It seems that the Budget brought some limited injections of honesty into the situation. The question that we must consider is whether the changes in the Price Code are adequate. More and more I wonder whether the code will for long continue to be the right weapon for dealing with the problems now facing us. We are not advocating scrapping the code now. We made that clear during the election campaign. However, the signs are that before long the job of holding down prices will more and more be done through competition. The factor that will slow down prices will be the difficulty that firms will have of finding buyers in the tougher climate which lies ahead. I believe that will be a more effective way of controlling prices than any mechanism that the code can provide. I recognise that so far wage inflation has insulated us from the position that I have described, but if it continues at the present rate what I have prophesied may be proved to be true.

We must recognise that there are other measures which the Government are taking, such as putting up the prices of the products of nationalised industries. That will undoubtedly lead to a tighter situation. We accept that the code will have to remain in being for some time to come. I have some sympathy with those who say that the right way to control prices now might be through profit margins alone rather than the code.

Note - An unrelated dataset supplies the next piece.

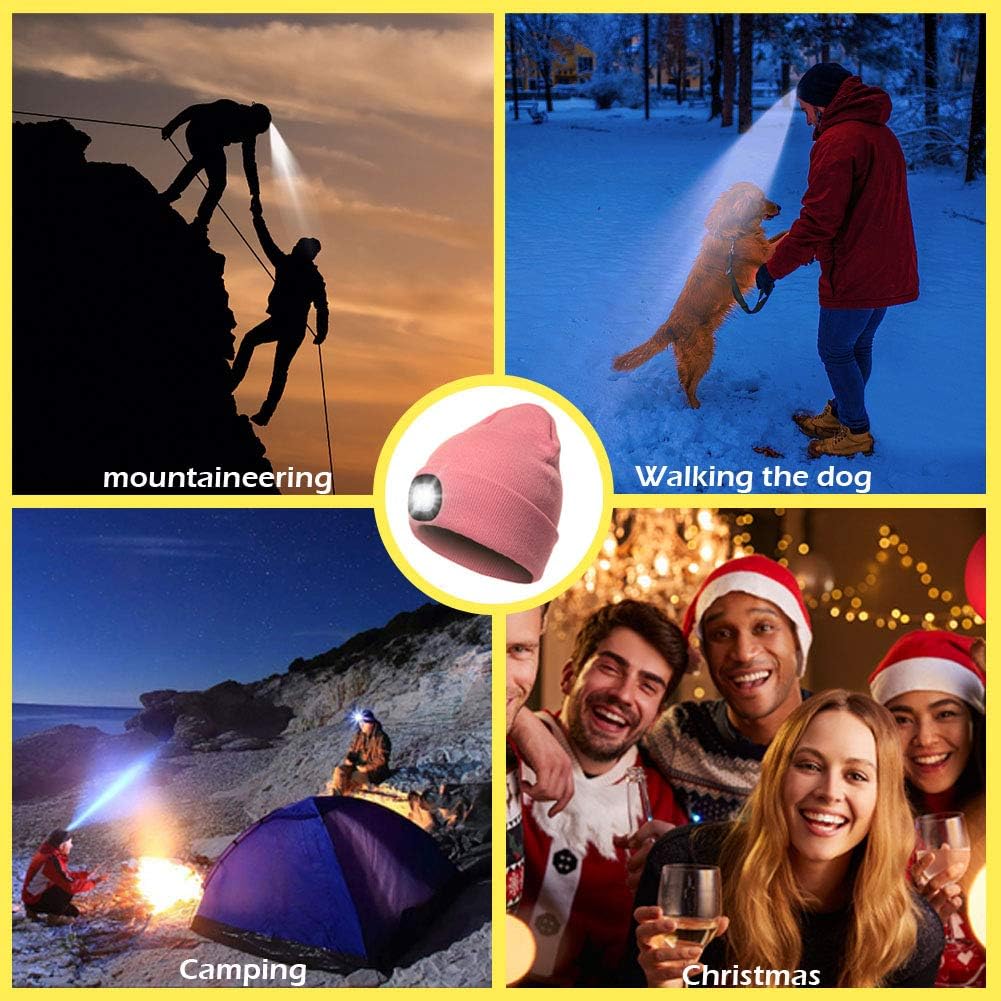 CENSGO Rechargeable LED Headlamp Beanie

Given that we have the code, will the proposed changes help industry to any adequate extent? It is hard to know the extent to which they will help. It is hard to know exactly what the proposed changes will do to prices. The Undersecretary of State for Prices and Consumer Protection on 25th November said that the Government did not know what effect they will have on investment.

The impression can be gained that the £800 million has been plucked out of the air. The Secretary of State gave no detail to justify it when she spoke during the Budget debate. I am not aware that she has given any detail to justify it since. We know that it does not include the increases due to the nationalised industries.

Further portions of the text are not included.